I came across an Oracle function when converting Oracle 11g schema to Postgresql 11 as following:
ADD CONSTRAINT valid_session_time_zone CHECK (regexp_instr(trim(both session_time_zone),'(\+|\-|\s)?(0?[0-9]|1[01234])(:[0-5]\d)')=1);
So I translate that as a postgresql 11 DOMAIN
CREATE DOMAIN chk_time_zone AS VARCHAR CHECK ( VALUE ~* '(\+|\-|\s)?(0?[0-9]|1[01234])(:[0-5]\d)');
but how to trim both side of the string beforehand in my domain expression?

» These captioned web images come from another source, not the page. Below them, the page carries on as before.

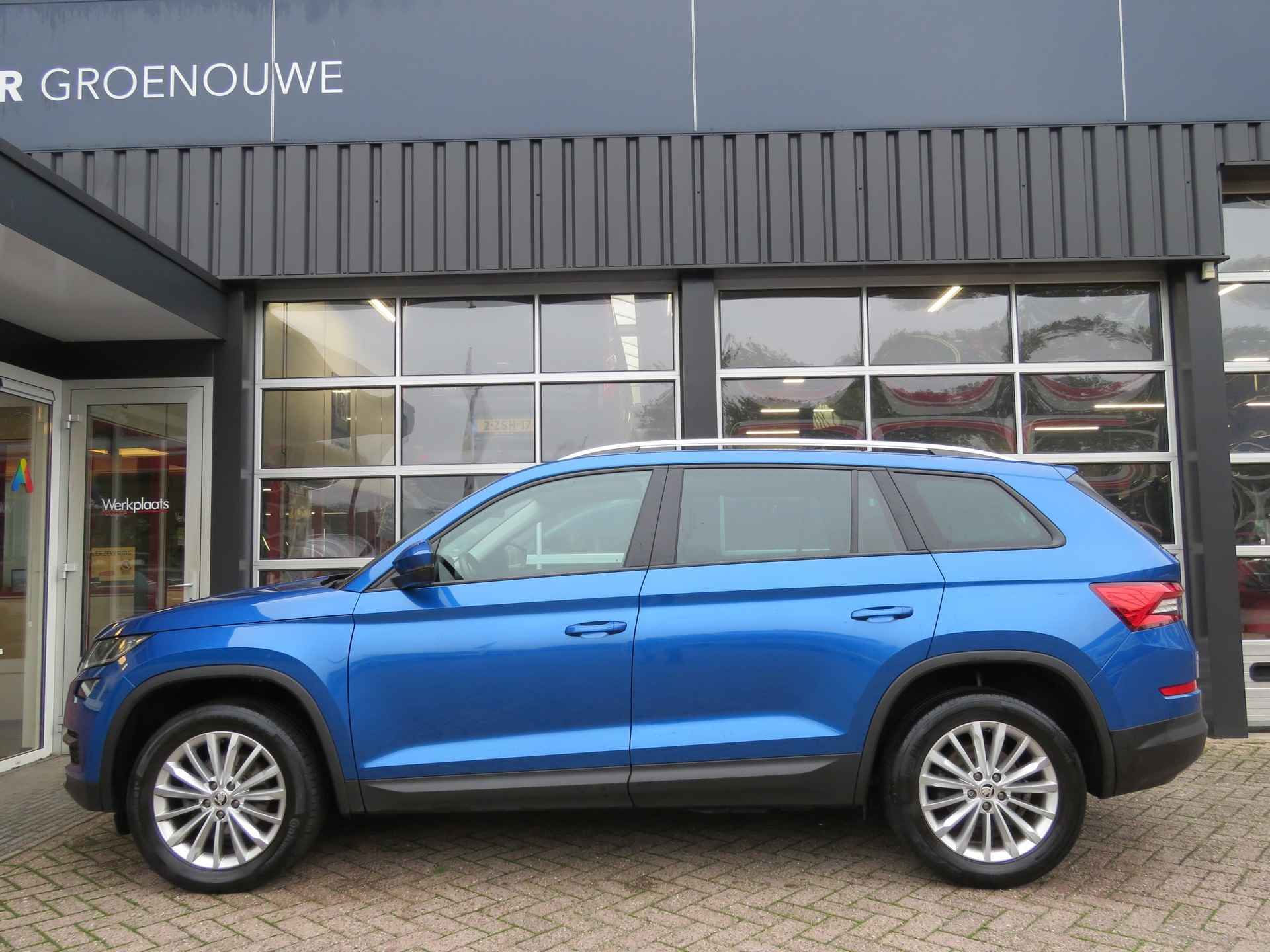 Škoda Kodiaq 1.5 TSI 150PK DSG-aut. Business Edition / Camera / Trekhaak / Stoelverw. / BOVAG garantie - 4/58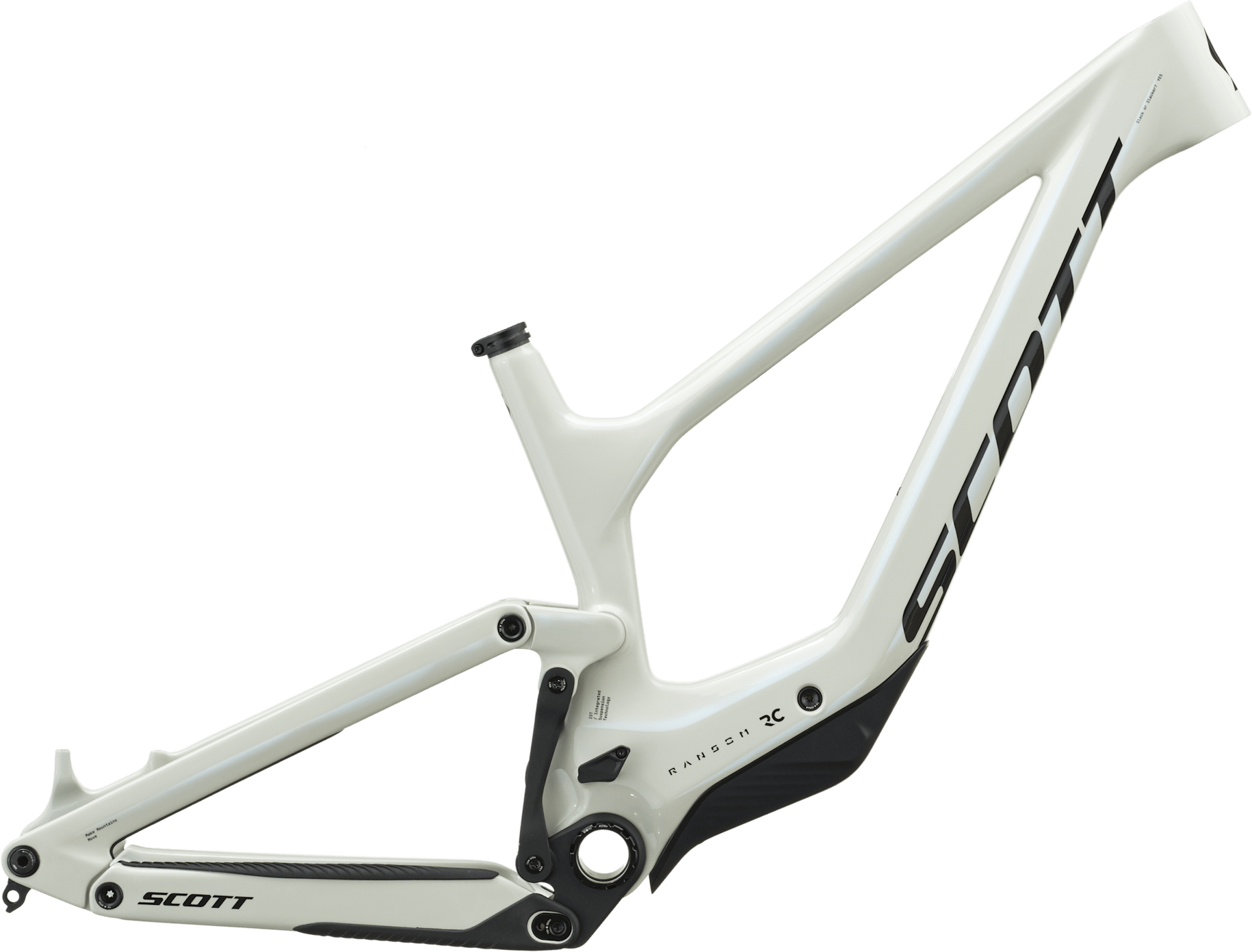 Scott Frame+Shock Ransom RC 2027 - Foggy Grey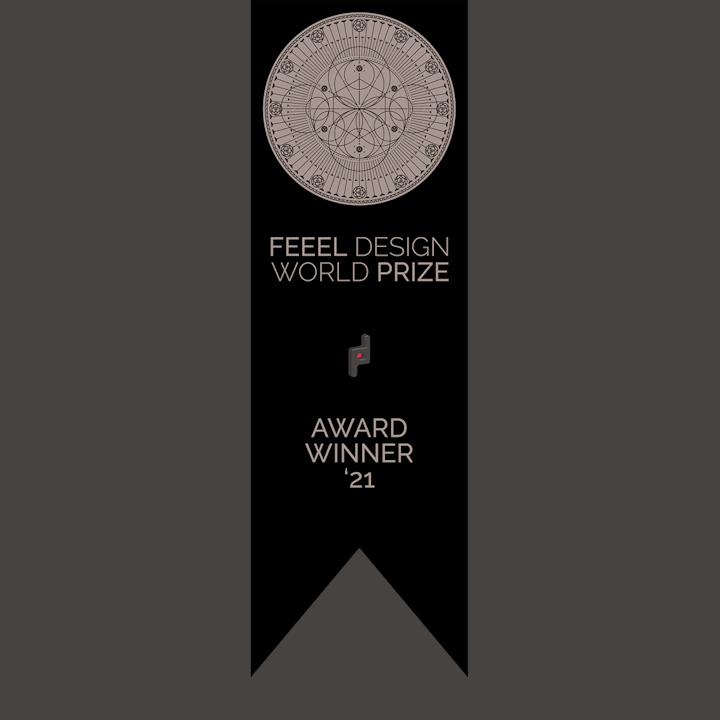 Winner Silver Award Feeel Design World Prize / "Rock" Series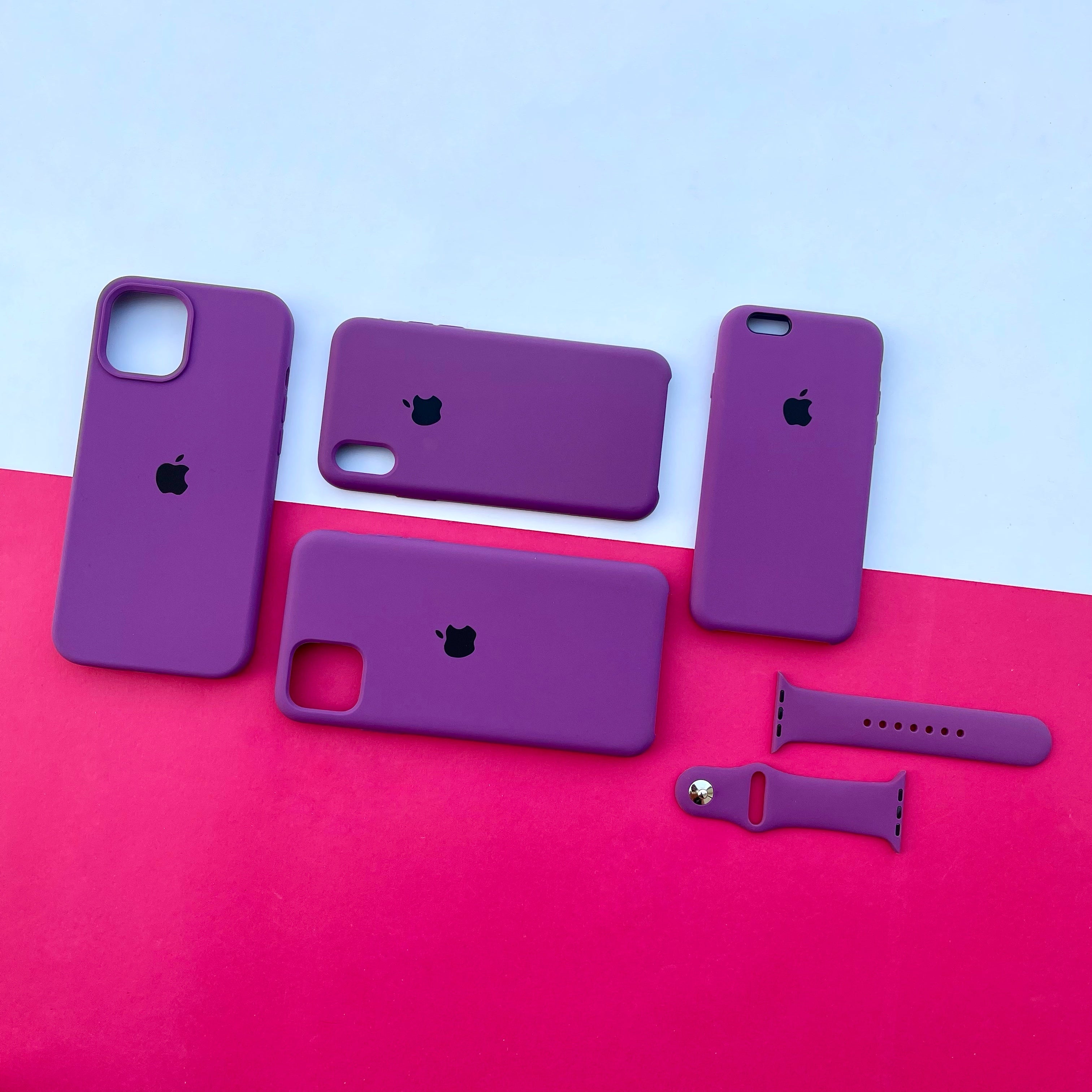 Purple Silicon Case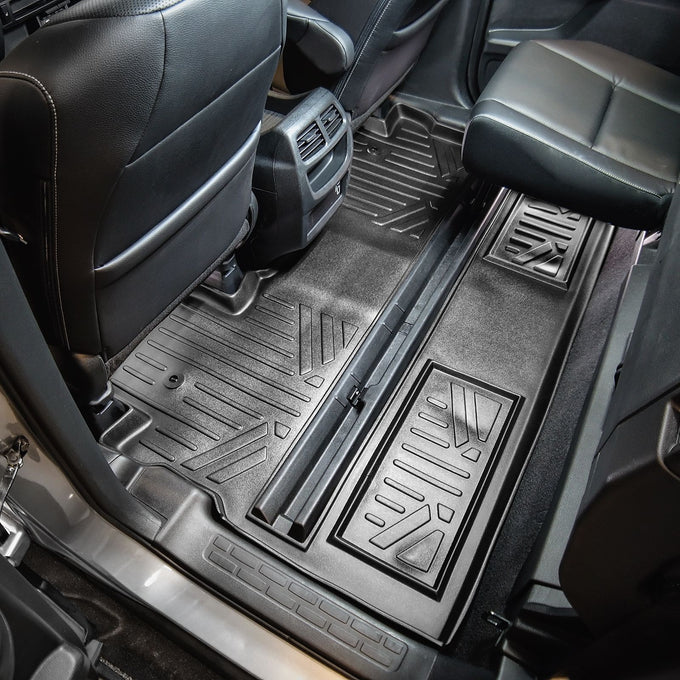 Floor Mats 2 Row Liner Set <br> 17-24 Honda Ridgeline Crew Cab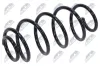 Fahrwerksfeder Vorderachse NTY ASZ-CT-038 Bild Fahrwerksfeder Vorderachse NTY ASZ-CT-038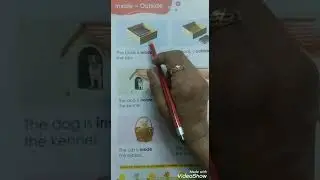 Class-UKG Subject-Maths (Topic- Book Reading Page No. 6)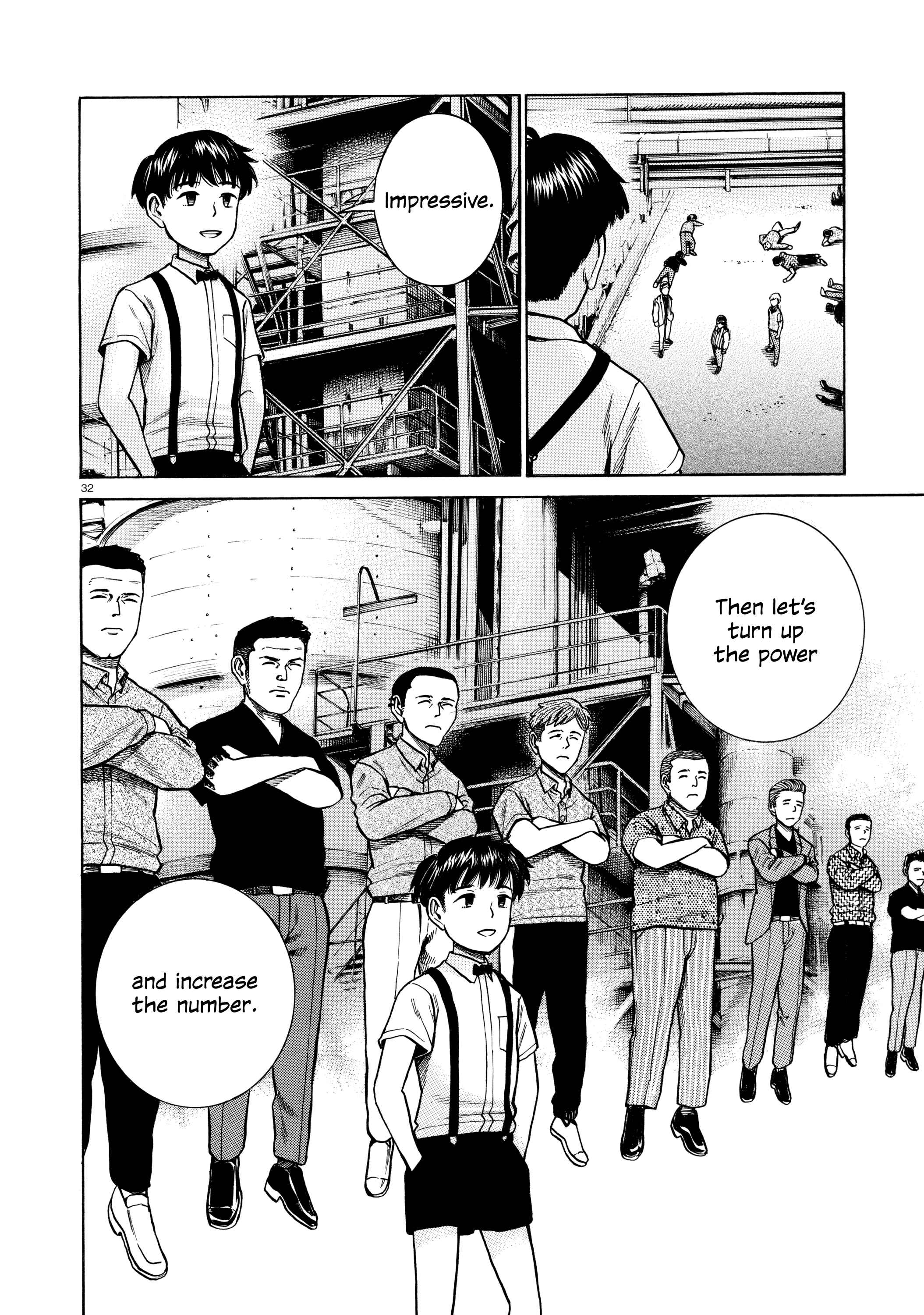 Page 32 Chapter 68 Hinamatsuri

Perhaps it's just my bad eyesight, but it looks the me that the original code has a problem. The original regexp requires that the matched string start with one of +, -, or blank, but the TRIM call would remove any leading blanks. Thus if the string to be matched starts with a blank which doesn't have a + or - after it, the TRIM call will remove the blank, and thus the pattern won't match. My recommendation is to just ignore the fact that the TRIM call is there, because it appears to be a potential bug, and proceed with the match as ~* '(\+|\-|\s)?(0?[0-9]|1[01234])(:[0-5]\d)'.
Your Oracle check doesn't manipulate the data entered into the table, it just checks that a trimmed version of it matches a pattern, so clearly it's OK to insert leading/trailing whitespace, or something elsewhere trims them off...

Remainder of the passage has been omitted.